“There is time enough for everything in the course of the day, if you do but one thing at once, but there is not time enough in the year, if you will do two things at a time.”
Philip Stanhope, 4th Earl of Chesterfield
Most people believe they can do two or more things at once; such as driving and texting or sitting in a meeting and checking emails. However, neuroscience research has shown that the brain does not simultaneously process. Rather, we simply switch between tasks – albeit very quickly, and each time we switch from task to task, the brain engages in a stop/start process. Unfortunately, rather than saving us time, this start/stop process is inefficient and it actually costs time.
Psychologist René Marois used fMRI to investigate the brain’s response to being confronted with multiple tasks. Marois found what he described as a “response selection bottleneck,” that occurs when the brain is forced to respond to several stimuli at once. This task-switching creates the bottleneck and results in lost time, as the brain determines which task to perform. Not only is this process inefficient, but it leaves us prone to mistakes and omissions.
Multi-tasking is essentially a process of rapidly-shifting our attention from one target to another, but this requires making a decision about where we should direct our attention. Many successful people cite their ability to pay attention as a key element of their success.
In 2004, Christopher Chabris and Daniel Simons were awarded the Ig Nobel Prize in Psychology for “achievements that first make people laugh, and then make them think,” for their experiments that inspired “The Invisible Gorilla.” Drs. Chabris and Simons instructed their test subjects to focus on a simple task, such as counting students passing a ball in a circle. The study found that people became so focused on their counting, that they failed to notice a person dressed in a gorilla suit walk into the circle. This simple exercise demonstrated how people overestimate their ability to multi-task and when they attempt to do so, they are apt to miss very important and obvious details.
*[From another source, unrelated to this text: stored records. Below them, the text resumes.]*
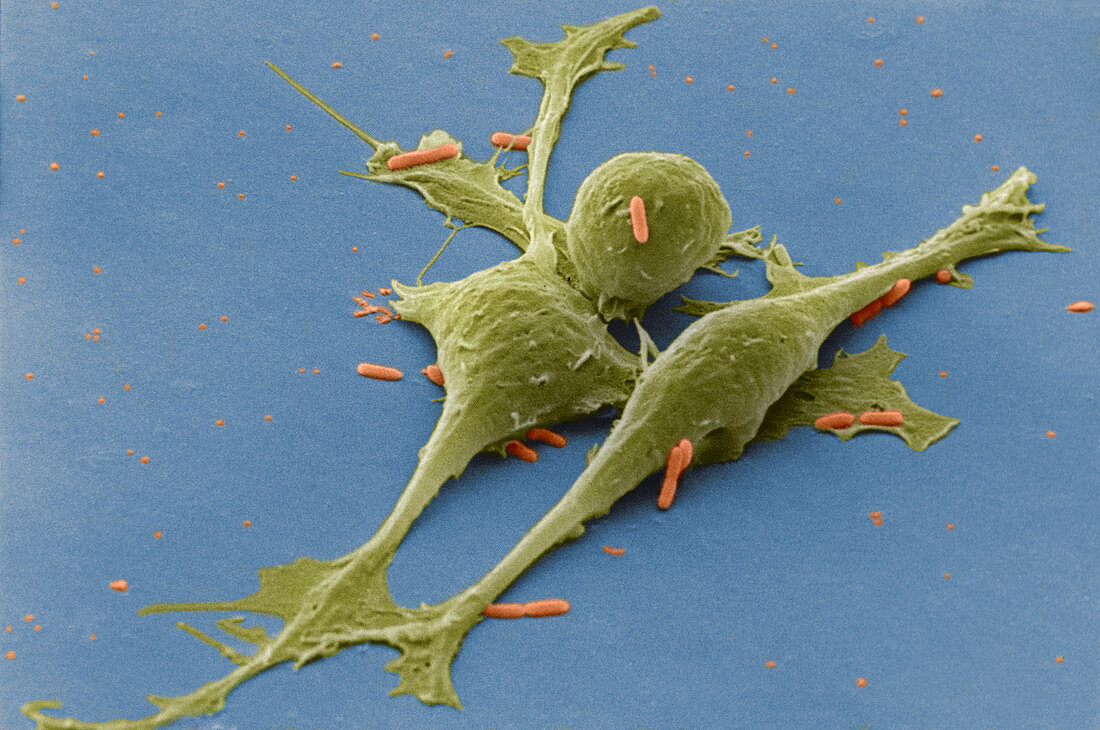 Smooth muscle cancer cells,SEM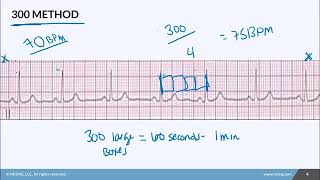 02.03 Calculating Heart Rate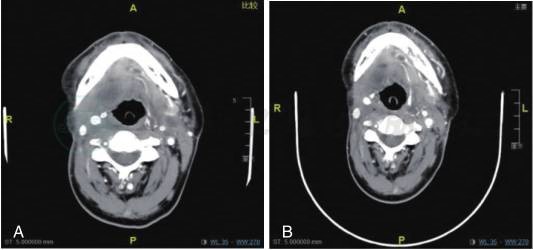 右舌根鳞状细胞癌术后放疗后复发病例的全程管理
Failing to notice the person in a gorilla suit can be funny, but failing to notice that the traffic has stopped because you are texting is not funny. Recent data show that texting has become the most common cause of distracted driving accidents, and it is rapidly being seen as the “new drunk driving.” In 2015, the most recent year for which there are U.S. Department of Transportation statistics, distracted driving crashes caused 3,500 fatalities and close to 400,000 injuries. We simply cannot effectively do things at once.
David Sanbonmatsu, professor of psychology at the University of Utah said, “When people multi-task, often they do multiple things badly.” This has very important ramifications for the culture of multi-tasking in the workplace. Managers and leaders should not overwhelm their staff with multiple tasks and they should encourage their direct reports to focus on completing single assignments in order to limit distraction and maximize productivity.
Dr. Edward Hallowell, a renowned Attention Deficit/Hyperactivity Disorder expert and author of CrazyBusy, calls multi-tasking a “mythical activity in which people believe they can perform two or more tasks simultaneously.” Hallowell has conceptualized a condition, “Attention Deficit Trait,” as a “response to the hyperkinetic environment in which we live.” According to Hallowell, the hallmark symptoms of Attention Deficit Trait mimic those of AD/HD and he asserts “Never in history has the human brain been asked to track so many data points.” Hallowell has stated that limiting multi-tasking is essential and he claims that ADT is damaging to our economy. Jonathan B. Spira, an analyst at the business research firm Basex, estimated that extreme multitasking (i.e., information overload) costs the U.S. economy $650 billion a year in lost productivity.
Despite our belief that we can effectively do two things at one, science shows that this is not true. In fact, research show that people who think they are good at multi-tasking are just wrong – they typically have a lower capacity for simultaneous thought. Accepting this reality is the first step to doing something about it. For those who want to increase their productivity, multi-tasking is not the answer. The best way to begin is by carving out a set period of time to focus on one task and to eliminate potential distractions, such as screens – computer, phone, etc. Close your office door and focus. Take breaks, but do not jump from one task to another.
Psychologist Paul Atchley (2010) wrote in the Harvard Business:
“Based on over a half-century of cognitive science and more recent studies on multitasking, we know that multitaskers do less and miss information. It takes time (an average of 15 minutes) to re-orient to a primary task after a distraction such as an email. Efficiency can drop by as much as 40%. Long-term memory suffers and creativity — a skill associated with keeping in mind multiple, less common, associations — is reduced.”
The bottom line is, put away your phone (especially when you drive), avoid distraction and focus on one thing at a time. Doing one thing well beats doing many things poorly.